Susi Hilsenrath erlebte die Reichspogromnacht

Jüdische Emigrantin schickt Botschaft aus den USA: Hass entgegentreten


22 September 2011 Holocaust survivor and museum volunteer, Susan Warsinger sits for a formal portrait
Susan Warsinger im Jahr 2014

„Wir müssen Hassverbrechen verurteilen. Wir dürfen niemals in Betracht ziehen, dass Antisemitismus normal ist. Wir haben aus dem Holocaust gelernt, wozu Hass führen kann. Wir können ihn nicht ignorieren. Wir müssen Handlung ergreifen, um dem Hass entgegenzutreten.

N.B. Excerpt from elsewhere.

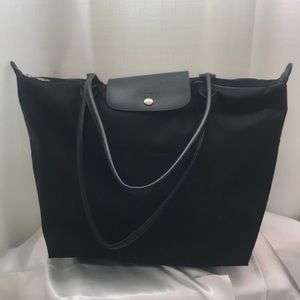 Large Black Longchamp Le Pliage Tote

Wir brauchen Vorbilder, die uns lehren, wie wir mit Minderheitengruppen umgehen können und die uns den Weg zeigen können, sensibel miteinander umzugehen.

Wir müssen junge Menschen erziehen und ihnen klar machen was uns als Menschen verbindet. Wir müssen sicherstellen, dass sie verstehen, dass wir alle zusammenhalten müssen.“

Dem Holocaust-Memorial in Washington hat Susan Warsinger ihre Geschichte erzählt, sie ist dort archiviert, auch als Interviews, die als Audio- und Video-Clips auf der Homepage abgerufen werden können.

www.ushmm.org/remember/holocaust-survivors/volunteers/susan-warsinger

Dank von OB Dr. Heike Kaster-Meurer 

„Ihre Lebensgeschichte hat mich sehr beindruckt und bin froh, dass Sie nach den schrecklichen Erlebnissen in ihrer Kindheit in den USA eine neue Heimat gefunden haben“, schreibt Oberbürgermeisterin Dr. Heike Kaster-Meurer in einem Brief an Susan Warsinger, in dem es u.a. noch heißt: „Ich habe erfahren, dass Sie in den USA ehrenamtlich Aufklärungsarbeit über den Holocaust leisten. Danke auch für die Botschaft, die Sie den Bürgerinnen und Bürgern unserer Stadt schickten. Leider fällt unsere Gedenkveranstaltung am 9. November wegen der Corona-Schutzbestimmungen aus. Ihre Botschaft senden wir jedoch in einer umfassenden Mitteilung an die Presse und somit auch an die Bevölkerung. Für Ihr Engagement bedanke ich mich herzlich bei ihnen und wünsche Ihnen und Ihrer Familie alles Gute.“ 

Susan Warsinger schildert die Reichsprogromnacht 

Das Bad Kreuznacher Schulmächen Susi Hilsenrath

„Mein Bruder war immer mutiger als ich. In einer Nacht, als wir noch kleine Kinder waren (er war acht und ich neun), als die Steine ​​und Ziegel durch unsere Schlafzimmerfenster krachten, war er es, der herausschaute, um zu sehen, was geschah. Ich blieb unter der Decke und versteckte mein Gesicht in dem dunklen, schattigen Raum, weil ich Angst hatte. Er gab mir jedoch einen vollständigen Bericht darüber, was draußen geschah, während er sich auf die niedrige Fensterbank stützte. Es waren unsere Nachbarn, Erwachsene und ihre Kinder, die die Raketen schleuderten, während der Zivilpolizist am Rande der Menge zusah und nichts unternahm, um das Bombardement zu stoppen.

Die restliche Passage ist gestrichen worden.